Teachers teach to prepare students for exams and not for life. As such, many of our students are ill-prepared
to face the challenges of the real world. This also goes against the grain of our National Philosophy of
Education where the emphasis is on character building and the development of human capital. All parties
involved are to be blamed for this as they are more concerned with student achievement and not student
development. At the end of the day, parents want straight A’s for their children, principals want excellent
performances from their students and teachers, and the list goes on.

Finally, in their quest for excellent academic results, school becomes a bore and a chore. Students are
overwhelmed with homework, extra classes and tuition, and teachers are overworked, leaving both parties
with little or no time for relaxation. Thus, it is not surprising that students choose to ignore co-curricular
activities. They see these as a waste of precious time. Parents, too, are affected by the emphasis on
academic achievement. Some go to great lengths to secure private tuition for their children, hiring only the
best. Thus, we can conclude that public exams take the fun out of learning.

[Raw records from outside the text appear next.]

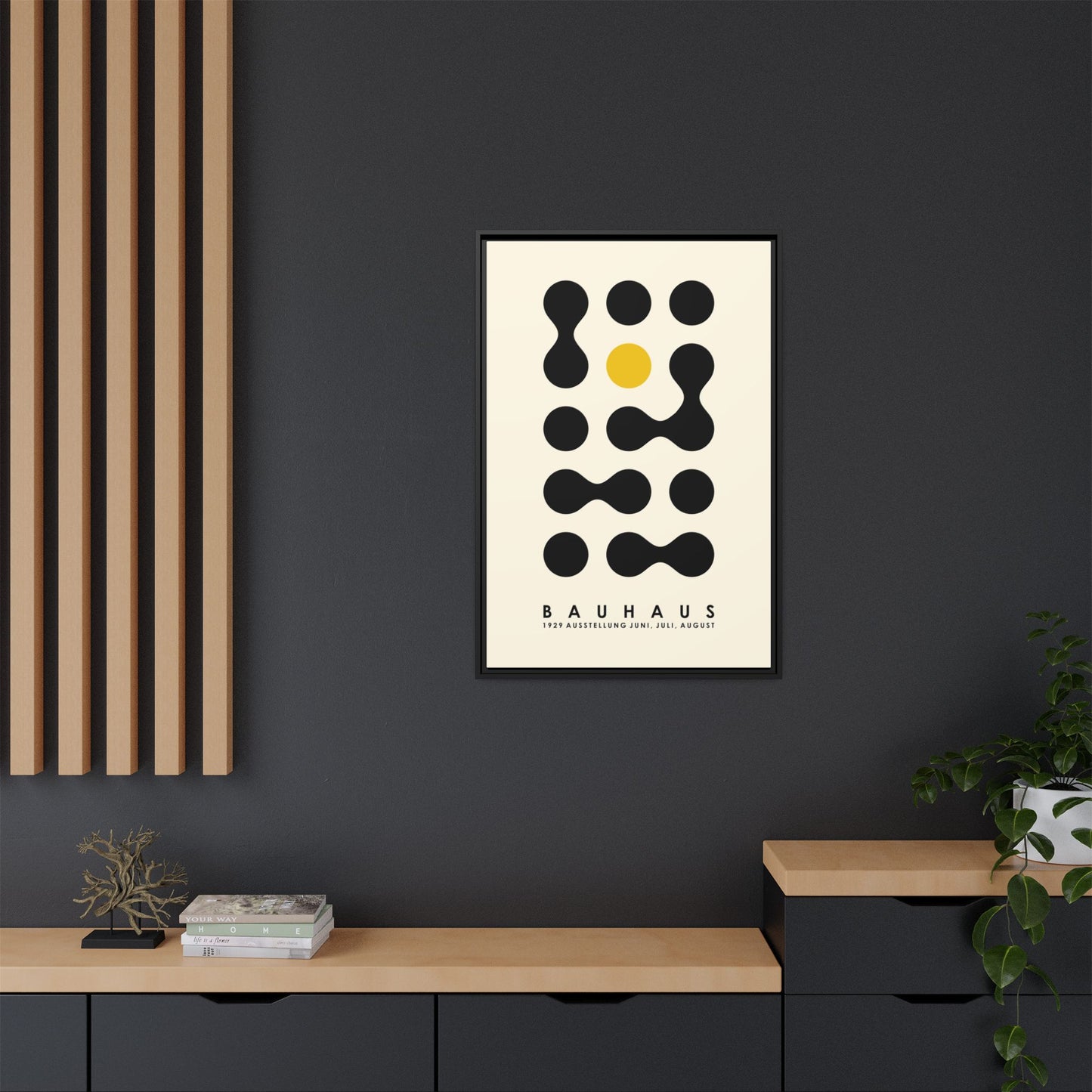 Bauhaus Inspired Framed Canvas Art - Modern Wall Decor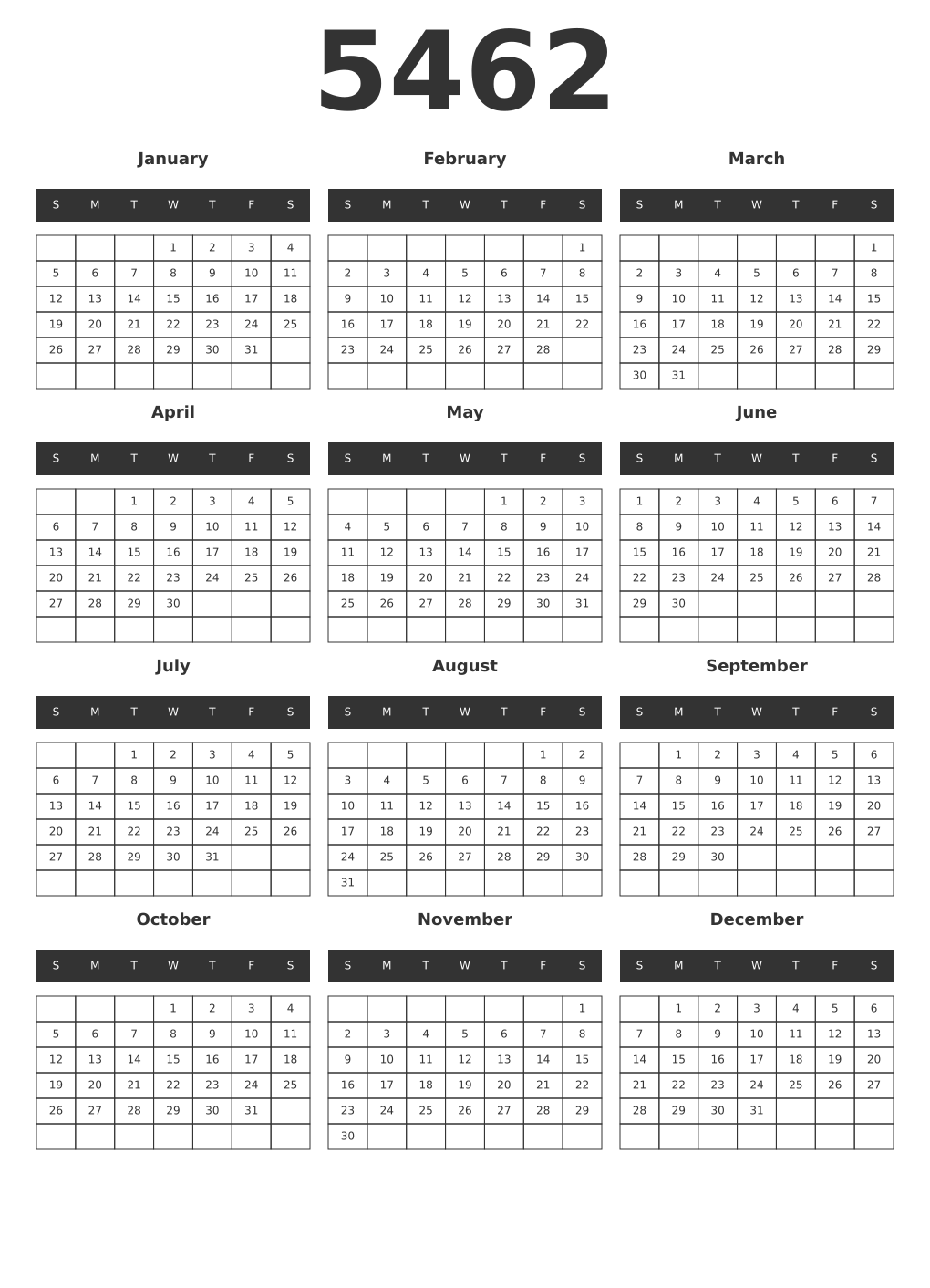 Printable 5462 Year Calendars dark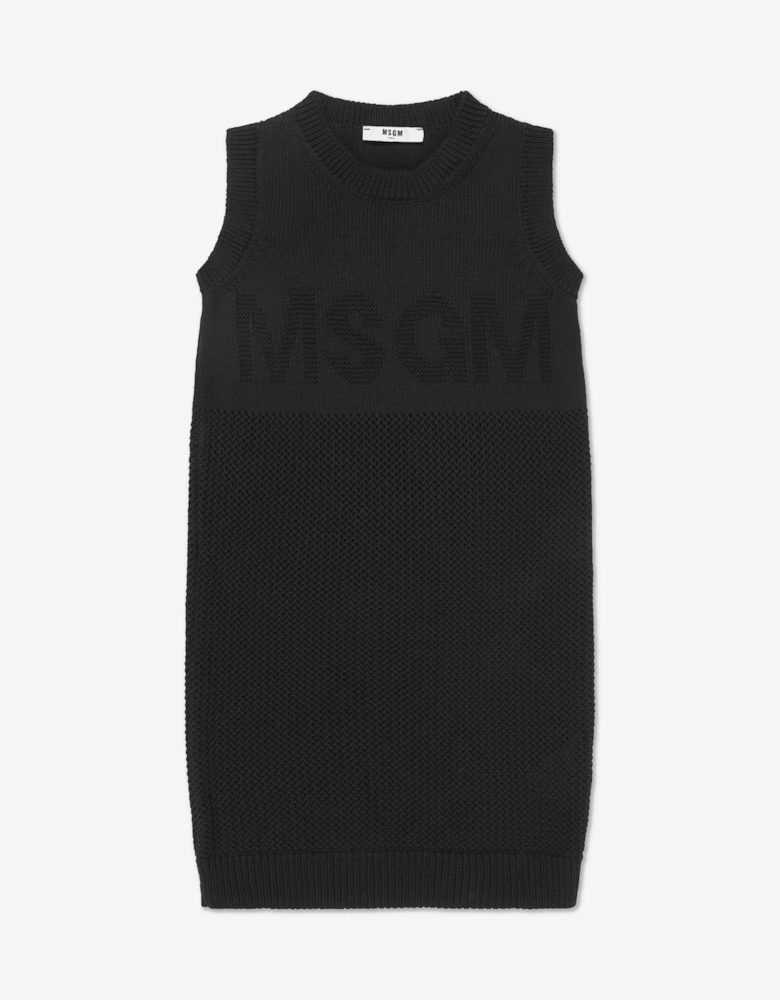 Girls Tank Top Logo Dress in Black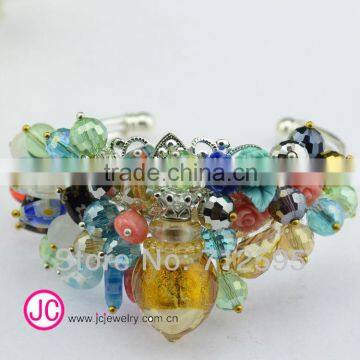 fashion new trends Austrian crystals colorful bracelet essential oil bottle glass bracelet costume jewelery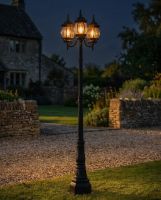 "Lady Blakemore" Triple-Headed Globe Lamp Post - 2.57m digital illustration at night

We cannot deny the fact that public examinations enable us to assess thousands of students using a similar
instrument but the question one needs to ask is who eventually benefits from such a system? What happens
to students who are not able to master test-taking skills? Is academic excellence the only indicator of success
as suggested by the public examination system?

In a world which is changing rapidly, we need to prepare our students for the many challenges they will have
to face as they will form the backbone of our nation in the years to come. Taking into consideration the flaws
of the public exam system, it is clear that we should seriously consider other means of assessing students
and do away with public exams.

The above essay is convincing because the writer has presented and argued his case well.

He gives four reasons why public examinations should be abolished (they merely test a
student’s ability to memorise and regurgitate facts, they are not the best way to identify a
student’s strengths or weaknesses, teaching in schools is largely influenced by public
examinations, and school becomes boring because of the emphasis on public exams) and each
argument is well supported.

Look also at how he begins each paragraph (To begin with, Another reason, Another major
drawback, Finally). These transition markers help readers follow the direction of the writer’s
thoughts. The direct and formal manner used also add to the overall effect of this piece.